The Leibniz rule tells you that $X_f(p)$ only depends on the value $df(p)$ for the following reason: Taylor's theorem tells us that we may write $f(p+v)= f(p) +\langle df(p), v\rangle+||v||^2h(v)$ where $h(v) \to 0$ as $v\to 0$. In the following, we write $df(p)$ for the map $v\mapsto \langle df(p), v\rangle$. $df(p)$ yields a map $\mathfrak{g}^*\to \mathbb{R}$ since the identification $T^*_p\mathfrak{g}^*\cong (\mathfrak{g}^*)^*\cong \mathfrak{g}$ (assuming $G$ is finite dimensional or is modeled on a reflexive Banach space) allows us to think of $df(p)\in T^*_p\mathfrak{g}^*$ as an element of $(\mathfrak{g}^*)^*$. We then have \begin{align} X_f(p) & =X_{f(p)}(p) +X_{df(p)}(0) +X_{||v||^2 h(v)}(0)\\ &=X_{df(p)}(0)+h(0)X_{||v||^2} +||0||^2 X_{h}(0)\\ &=X_{df(p)}(0)\end{align} so the linear function $g(p+v)=\langle df(p), v\rangle$ has $X_g(p) =X_f(p)$.

In a general, one can complete this procedure locally for any Poisson manifold. Whenever we have an assignment $\delta:C^{\infty}(M)\to V$ a derivation based at $p\in M$, i.e. $\delta$ is linear and $\delta(fg)=\delta(f)g(p)+f(p)\delta(g)$, this yields a map $\delta|_{U}: C^\infty(U)\to V$ for $U\subset M$ open. The preceding argument tells us that the value of $\delta(f)$ depends only on $df(p)$. Since $T^*_pM$ is spanned by $df(p)$ for all functions $f$, $\delta$ factors through the map$f\mapsto df(p)$ and hence descends to a map $\tilde{\delta}$ which makes the following diagram commute

Then, if we have a family of derivations $\delta_p: C^\infty(M)\to V_p$ for each $p\in M$ with the $\delta_p$ and $V_p$ varying smoothly, they glue together to yield a global derivation $\Delta: C^\infty(M)\to \Gamma(\mathcal{V})$ Where $\mathcal{V}$ is the vector bundle gotten by gluing the $V_p$'s together which factors through a bundle map $\hat{\Delta}:T^*M\to \mathcal{V}$. In the case of a Poisson structure, we yield a bundle map $T^*M\to TM$ and the tangent space to the foliation is the image of this bundle map.
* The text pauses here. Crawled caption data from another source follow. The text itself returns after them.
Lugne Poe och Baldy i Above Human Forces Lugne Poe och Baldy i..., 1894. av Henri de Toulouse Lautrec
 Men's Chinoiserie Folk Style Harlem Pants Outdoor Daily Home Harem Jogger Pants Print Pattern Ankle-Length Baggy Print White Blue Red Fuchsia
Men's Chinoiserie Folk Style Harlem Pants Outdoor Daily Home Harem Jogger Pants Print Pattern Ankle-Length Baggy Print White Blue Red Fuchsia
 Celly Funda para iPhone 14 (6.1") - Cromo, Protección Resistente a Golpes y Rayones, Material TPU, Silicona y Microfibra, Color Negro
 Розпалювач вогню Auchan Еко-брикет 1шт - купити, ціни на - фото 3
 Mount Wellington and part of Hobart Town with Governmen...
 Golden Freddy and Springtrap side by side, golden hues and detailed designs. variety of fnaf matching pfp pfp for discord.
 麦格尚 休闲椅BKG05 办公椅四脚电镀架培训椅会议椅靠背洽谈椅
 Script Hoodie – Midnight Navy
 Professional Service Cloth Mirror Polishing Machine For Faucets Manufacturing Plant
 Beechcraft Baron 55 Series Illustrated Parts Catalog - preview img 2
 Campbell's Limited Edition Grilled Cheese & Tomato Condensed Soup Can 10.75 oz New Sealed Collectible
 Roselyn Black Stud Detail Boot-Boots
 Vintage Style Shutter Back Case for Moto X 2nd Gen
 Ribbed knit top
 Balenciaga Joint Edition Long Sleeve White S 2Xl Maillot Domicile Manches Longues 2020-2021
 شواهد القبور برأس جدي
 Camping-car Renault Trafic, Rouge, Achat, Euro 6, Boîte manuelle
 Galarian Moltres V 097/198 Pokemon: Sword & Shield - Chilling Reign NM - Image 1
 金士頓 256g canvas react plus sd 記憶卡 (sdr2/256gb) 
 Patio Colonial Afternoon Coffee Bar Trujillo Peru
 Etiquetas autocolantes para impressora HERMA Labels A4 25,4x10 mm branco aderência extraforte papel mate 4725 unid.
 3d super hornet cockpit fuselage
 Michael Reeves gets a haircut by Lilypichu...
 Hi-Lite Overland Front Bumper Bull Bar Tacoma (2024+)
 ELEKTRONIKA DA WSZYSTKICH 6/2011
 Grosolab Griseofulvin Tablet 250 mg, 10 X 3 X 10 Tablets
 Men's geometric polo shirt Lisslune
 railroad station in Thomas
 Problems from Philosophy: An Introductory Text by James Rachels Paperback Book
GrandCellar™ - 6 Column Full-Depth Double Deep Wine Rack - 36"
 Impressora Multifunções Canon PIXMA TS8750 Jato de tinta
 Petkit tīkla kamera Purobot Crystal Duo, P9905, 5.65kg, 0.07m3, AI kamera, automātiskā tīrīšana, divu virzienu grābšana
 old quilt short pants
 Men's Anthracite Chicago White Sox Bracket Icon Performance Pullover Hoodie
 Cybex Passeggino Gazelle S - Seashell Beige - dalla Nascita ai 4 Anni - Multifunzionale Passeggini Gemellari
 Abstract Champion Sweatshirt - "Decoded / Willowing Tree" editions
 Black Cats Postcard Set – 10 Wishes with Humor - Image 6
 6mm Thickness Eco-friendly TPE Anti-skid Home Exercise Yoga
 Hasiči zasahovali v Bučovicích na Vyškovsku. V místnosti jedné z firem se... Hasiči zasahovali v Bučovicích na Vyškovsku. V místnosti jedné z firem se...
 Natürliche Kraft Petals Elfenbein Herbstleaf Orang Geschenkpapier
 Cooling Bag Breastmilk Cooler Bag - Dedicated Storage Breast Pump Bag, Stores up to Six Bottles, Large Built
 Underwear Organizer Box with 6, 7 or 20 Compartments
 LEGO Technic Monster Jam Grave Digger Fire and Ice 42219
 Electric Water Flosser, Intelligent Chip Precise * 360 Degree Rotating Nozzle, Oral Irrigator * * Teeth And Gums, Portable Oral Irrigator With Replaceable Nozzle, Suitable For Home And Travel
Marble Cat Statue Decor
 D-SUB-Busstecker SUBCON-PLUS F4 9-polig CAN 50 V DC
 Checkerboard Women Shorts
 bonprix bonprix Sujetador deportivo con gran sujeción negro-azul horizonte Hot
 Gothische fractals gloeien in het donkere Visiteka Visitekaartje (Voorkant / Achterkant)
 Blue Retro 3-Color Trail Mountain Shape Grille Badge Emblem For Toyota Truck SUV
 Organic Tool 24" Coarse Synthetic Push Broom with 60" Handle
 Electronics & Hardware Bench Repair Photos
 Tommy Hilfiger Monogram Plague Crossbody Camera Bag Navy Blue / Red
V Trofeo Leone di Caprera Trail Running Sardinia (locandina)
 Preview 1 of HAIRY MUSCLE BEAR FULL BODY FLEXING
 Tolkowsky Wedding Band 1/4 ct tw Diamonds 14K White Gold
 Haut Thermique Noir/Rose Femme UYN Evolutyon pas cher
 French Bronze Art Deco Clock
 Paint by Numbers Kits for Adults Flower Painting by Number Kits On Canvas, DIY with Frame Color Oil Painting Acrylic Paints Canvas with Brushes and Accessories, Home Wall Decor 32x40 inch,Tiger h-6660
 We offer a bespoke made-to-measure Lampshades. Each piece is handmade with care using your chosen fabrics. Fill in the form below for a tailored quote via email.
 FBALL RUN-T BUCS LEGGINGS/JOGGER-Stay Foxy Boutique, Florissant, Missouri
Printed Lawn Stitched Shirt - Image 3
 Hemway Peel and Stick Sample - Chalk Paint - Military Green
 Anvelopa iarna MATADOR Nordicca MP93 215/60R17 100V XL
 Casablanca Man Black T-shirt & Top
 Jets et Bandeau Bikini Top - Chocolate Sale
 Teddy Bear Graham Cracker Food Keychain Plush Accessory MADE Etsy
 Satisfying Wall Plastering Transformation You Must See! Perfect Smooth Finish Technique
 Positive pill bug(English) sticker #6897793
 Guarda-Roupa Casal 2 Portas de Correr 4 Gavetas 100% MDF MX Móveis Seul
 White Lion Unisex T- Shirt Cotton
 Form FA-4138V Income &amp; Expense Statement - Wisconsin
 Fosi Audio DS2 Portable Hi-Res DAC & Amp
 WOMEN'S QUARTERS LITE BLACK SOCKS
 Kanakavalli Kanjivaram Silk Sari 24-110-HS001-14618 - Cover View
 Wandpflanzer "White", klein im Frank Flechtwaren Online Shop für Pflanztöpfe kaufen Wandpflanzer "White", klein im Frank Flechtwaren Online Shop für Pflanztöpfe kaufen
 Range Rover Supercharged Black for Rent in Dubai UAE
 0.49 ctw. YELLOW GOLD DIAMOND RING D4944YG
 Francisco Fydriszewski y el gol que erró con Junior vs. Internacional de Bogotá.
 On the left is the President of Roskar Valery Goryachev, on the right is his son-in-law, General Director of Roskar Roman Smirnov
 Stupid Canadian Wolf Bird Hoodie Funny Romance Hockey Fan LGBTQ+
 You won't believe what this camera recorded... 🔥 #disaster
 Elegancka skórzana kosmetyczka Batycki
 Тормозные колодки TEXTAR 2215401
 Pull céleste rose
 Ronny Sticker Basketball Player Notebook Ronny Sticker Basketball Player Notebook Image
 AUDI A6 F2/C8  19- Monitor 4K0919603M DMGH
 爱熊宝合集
We can think of the data of $\hat{\Delta}: T^*M\to TM$ as a section of $TM\otimes TM$ and skew symmetry means that this is a section $\Pi\in \Gamma(\bigwedge^2 TM)$. This object $\Pi$ is the Poisson bivector of the Poisson structure. Returning to the case of $\mathfrak{g}^*$, one can create such a bivector by using the Lie bracket and the natural pairing, i.e. $\Pi_{\alpha}(\xi, \eta):=\pm \langle \alpha, [\xi, \eta]\rangle$.

Answer 2

The Lie-Poisson bracket can be written in terms of the structure constants of the algebra as $$\{f,g\}=\sum_{i,j,k=1}^nc_k^{ij}x^k\frac{\partial f}{\partial x^i}\frac{\partial g}{\partial x^j}. $$ (the coordinates $x^i$ are global and given by $x^i(\alpha)=\alpha(e_i) $ for any $\alpha\in\mathfrak{g}^*$ and each element $e_i$ of the base of $\mathfrak{g}$). Let's consider some $f\in C^\infty(\mathfrak{g}^*)$, then, the corresponding vector field is $$X_f=\displaystyle\sum_{i,j,k=1}^nc_k^{ij}x^k\frac{\partial f}{\partial x^i}\frac{\partial }{\partial x^j}=\sum_{i=1}^nX_{x_i}\frac{\partial f}{\partial x^i}.$$ Therefore, for any point $p\in \mathfrak{g}^*$, we have $X_f(p)=X_{a_1\cdot x_1+\cdots+a_n\cdot x_n}(p) $, where $a_i=\displaystyle\left.\frac{\partial f}{\partial x^i}\right|_p$. Therefore, $g=\displaystyle\sum_{i=1}^na_i\cdot x_i $ is the required linear function.